I’ve always heard the saying “there is no success like failure,” and I’ve come to understand that it is in failure that we see ourselves for who we really are and what we’re made of. If I hadn’t hurt my ankle, I never would have gone to see the Slovenian physiotherapist Alan Lilic, I never would have come to understand myself that much more, and I never would have gotten a grasp on the things in my relationship that needed to be ironed out. I  learned the difference between having a goal and having an expectation. Goals are things that I strive for, work for, and build myself for and it has always been that with enough preparation and enough will power to keep pushing through the ups and downs they can be met. My expectation was thinking that the goal would be met with ease, that just because I had trained I was guaranteed great victory in my climbing, that I was untouchable by obstacle.

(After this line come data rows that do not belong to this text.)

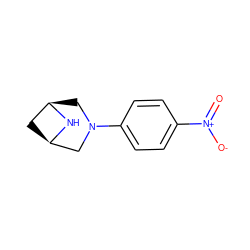 O=[N+]([O-])c1ccc(N2C[C@@H]3C[C@H](C2)N3)cc1 ZINC000040894784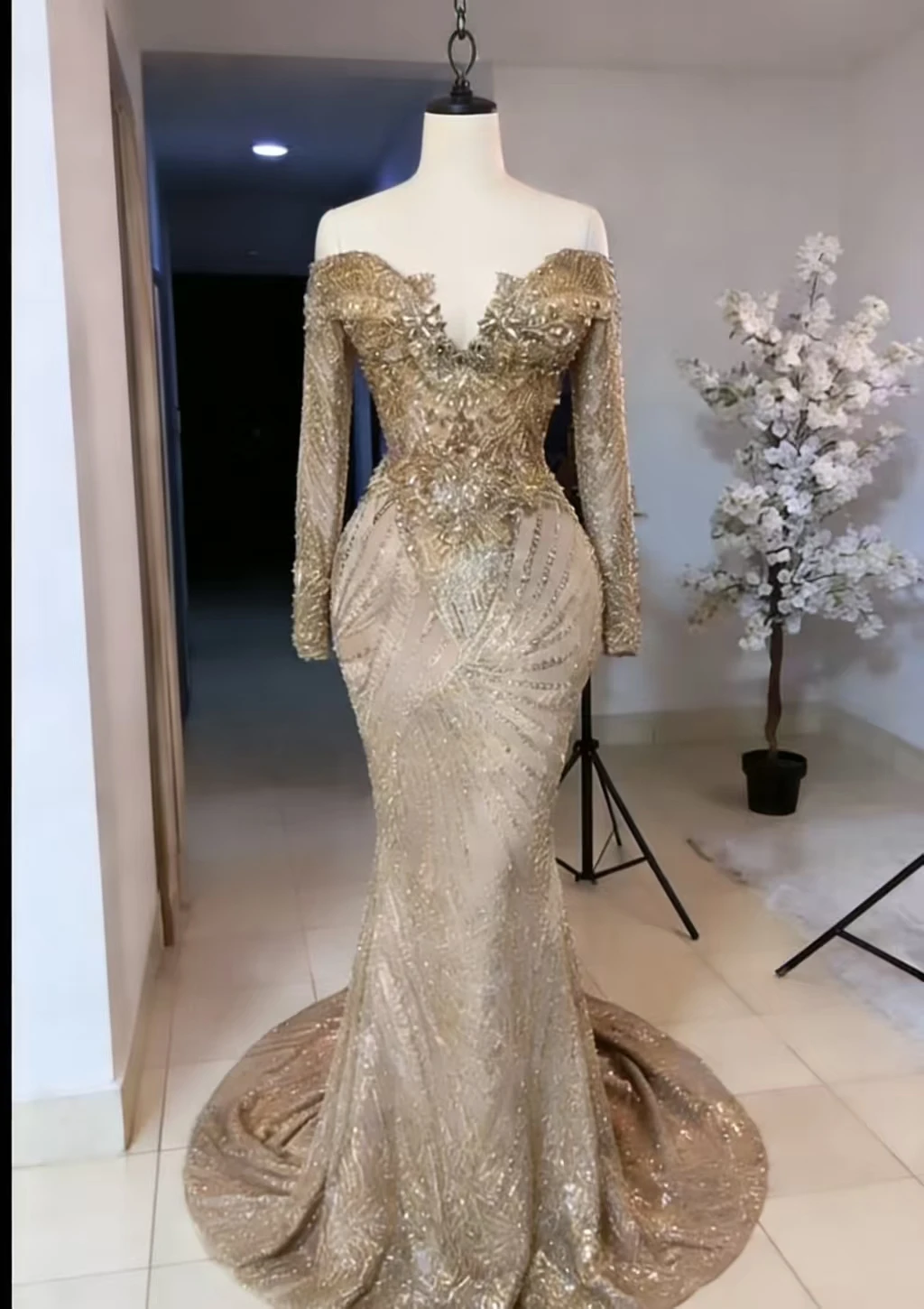 S0047y Women's Luxury Gold Beaded Mermaid Evening Gown With Illusion Neckline & Long Sleeves Wedding Dress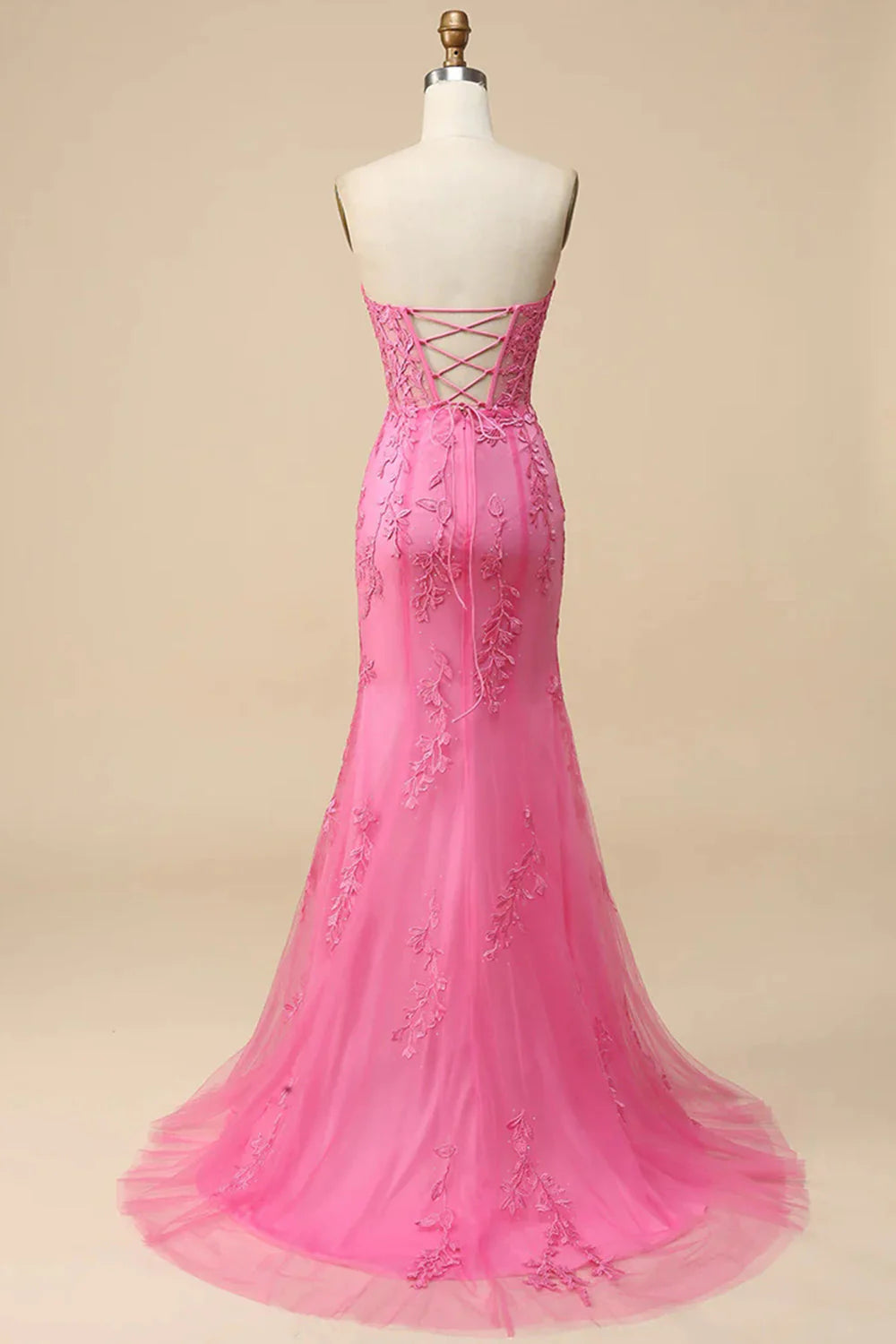 Amzcw Pink Corset Sweetheart Long Lace Mermaid Prom Dress with Slit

Having goals is great—it drives, motivates, and pushes you, but by expecting to always meet or exceed my goals, I’ve set myself up to be unhappy. When our expectations aren’t met, we’re left with a sort of self-imposed suffering called disappointment, and life is too short and too precious for such frivolity. My Technicolor foot barely fits into my climbing shoe now, and the pain of pulling on polished feet is subsiding more and more, but my climbing goals are still there, as well as my relationship that requires care and nurturing. For years I demanded that my mom admit she made a loaf of bread instead of a cake. Eventually she confessed it was a chocolate spice bread. We laughed over the silliness of it all, and she said, “That was probably the best bread I’ve ever made, which is too bad for you because I lost the recipe.” It’s unfortunate for me that I never tasted it, but unlike the fleetingness of a homemade pastry, climbing and life continue to offer up opportunities for new experiences, new goals, new processes and endless lessons. I’m fortunate beyond belief with the opportunities and accomplishments in my life. Some things have come with ease and some things have been a battle, leaving me bruised and scarred and questioning  how bad I want it but I keep getting up and going back. 

picja

That sweet taste of sending a beautiful route. Pticja Perspektiva (8a+/13c)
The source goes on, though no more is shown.